MATERIAL SHOWN:
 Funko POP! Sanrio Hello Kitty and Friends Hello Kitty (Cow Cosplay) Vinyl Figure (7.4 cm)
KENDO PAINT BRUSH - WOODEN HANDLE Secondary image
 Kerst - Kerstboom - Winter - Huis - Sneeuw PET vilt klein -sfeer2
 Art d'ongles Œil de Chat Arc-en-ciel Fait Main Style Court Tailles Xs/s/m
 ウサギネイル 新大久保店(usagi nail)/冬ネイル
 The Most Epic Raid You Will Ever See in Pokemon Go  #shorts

* * *

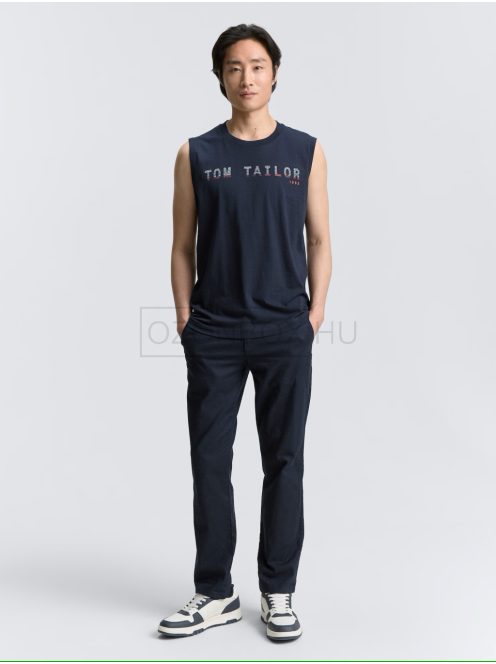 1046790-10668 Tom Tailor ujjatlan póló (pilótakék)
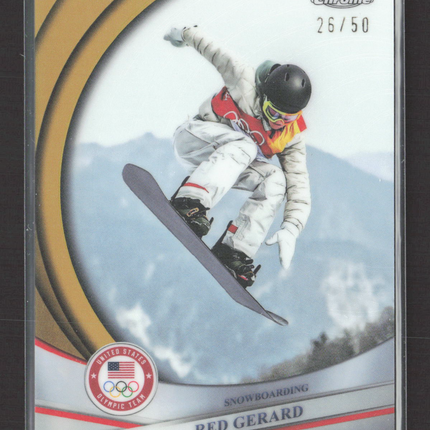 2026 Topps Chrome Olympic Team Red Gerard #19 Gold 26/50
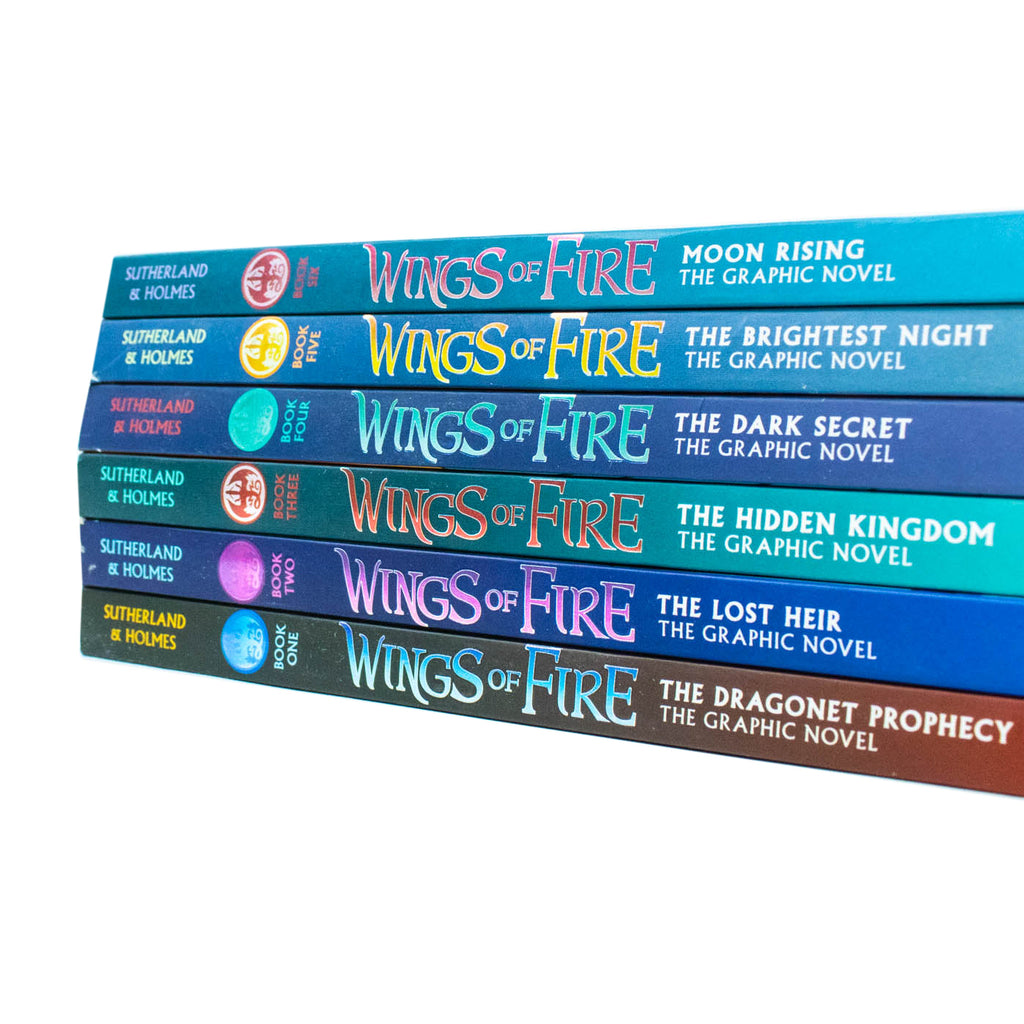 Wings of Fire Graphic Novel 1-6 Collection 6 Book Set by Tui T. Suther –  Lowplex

==

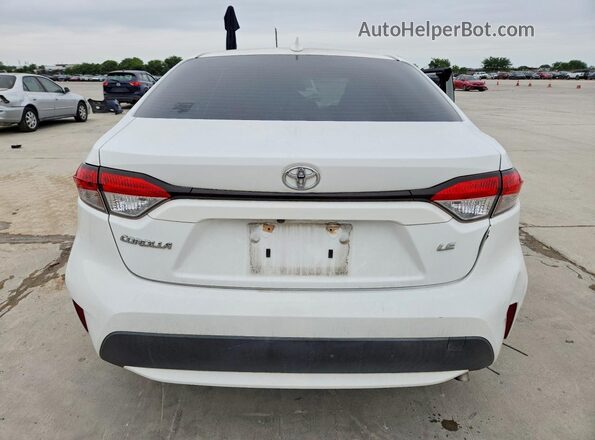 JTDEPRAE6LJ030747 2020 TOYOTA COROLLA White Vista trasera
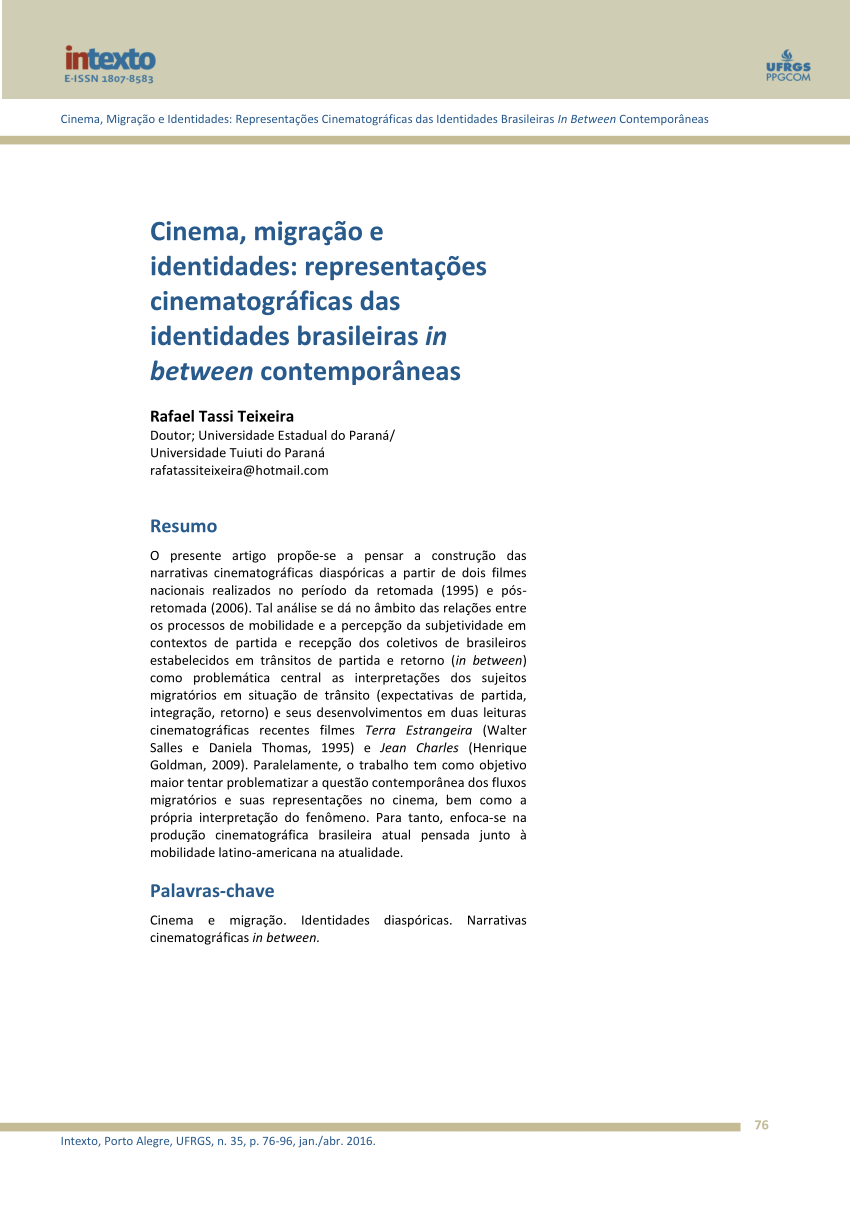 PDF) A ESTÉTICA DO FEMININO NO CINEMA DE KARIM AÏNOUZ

BRIEF:
Starting at the line that contains "Funko POP! Sanrio" and stopping after the line that contains "The Most Epic", write out every line exactly as it appears above, and no other line.

SOLUTION TO THIS PROBLEM:
 Funko POP! Sanrio Hello Kitty and Friends Hello Kitty (Cow Cosplay) Vinyl Figure (7.4 cm)
KENDO PAINT BRUSH - WOODEN HANDLE Secondary image
 Kerst - Kerstboom - Winter - Huis - Sneeuw PET vilt klein -sfeer2
 Art d'ongles Œil de Chat Arc-en-ciel Fait Main Style Court Tailles Xs/s/m
 ウサギネイル 新大久保店(usagi nail)/冬ネイル
 The Most Epic Raid You Will Ever See in Pokemon Go  #shorts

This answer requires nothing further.